### Assignment:
Only one stretch of the data below is wanted: the lines starting at the one with "Внедорожник / Кроссовер" and ending at the one with "Keeway RKF 125", both included, given again exactly.

### Exercise data:
━━━━━━━━━━━━━━━━

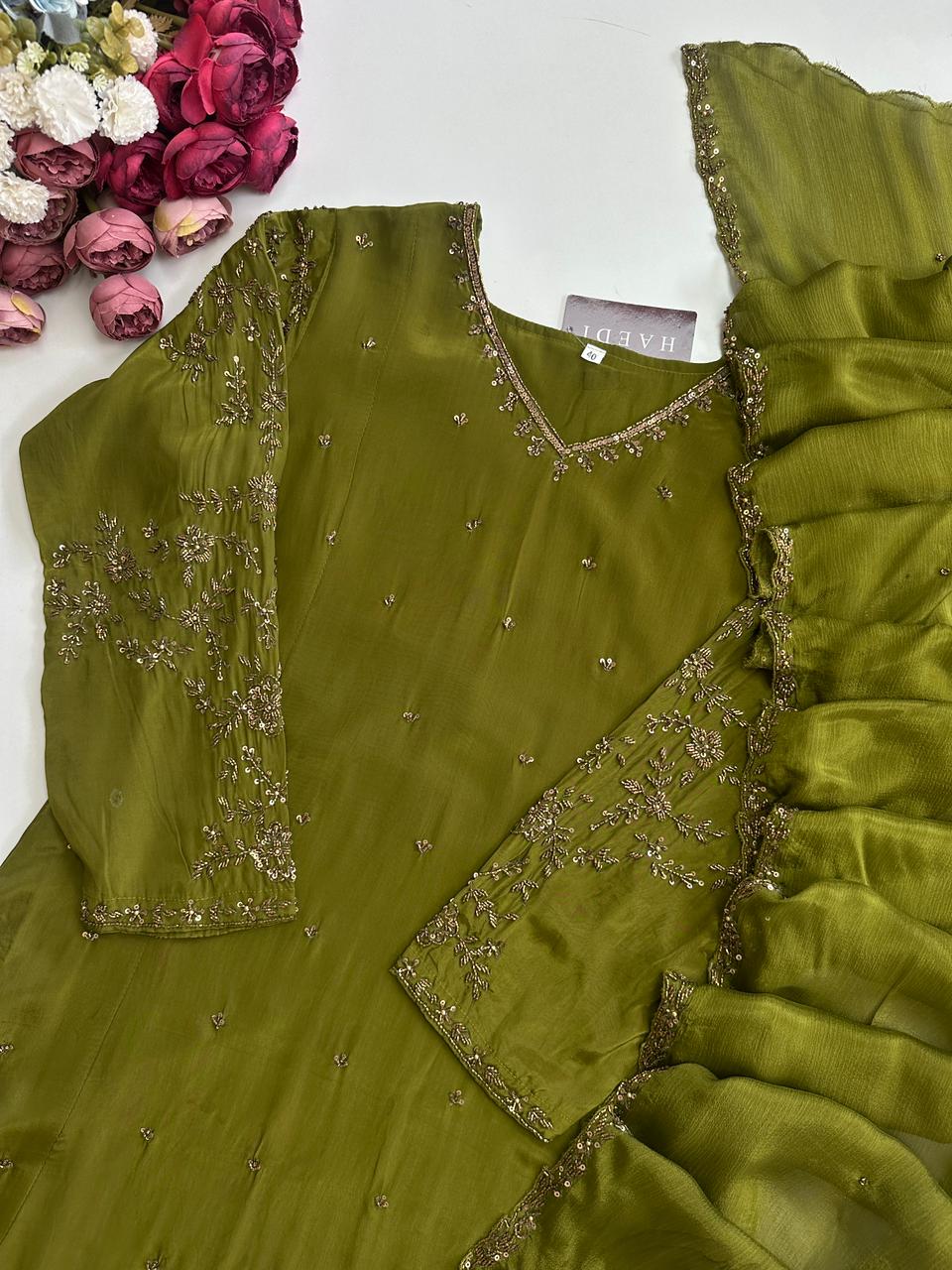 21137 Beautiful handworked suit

━━━━━━━━━━━━━━━━

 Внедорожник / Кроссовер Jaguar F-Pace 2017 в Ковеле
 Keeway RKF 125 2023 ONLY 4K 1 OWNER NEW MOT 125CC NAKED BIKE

━━━━━━━━━━━━━━━━

### Task solution:
 Внедорожник / Кроссовер Jaguar F-Pace 2017 в Ковеле
 Keeway RKF 125 2023 ONLY 4K 1 OWNER NEW MOT 125CC NAKED BIKE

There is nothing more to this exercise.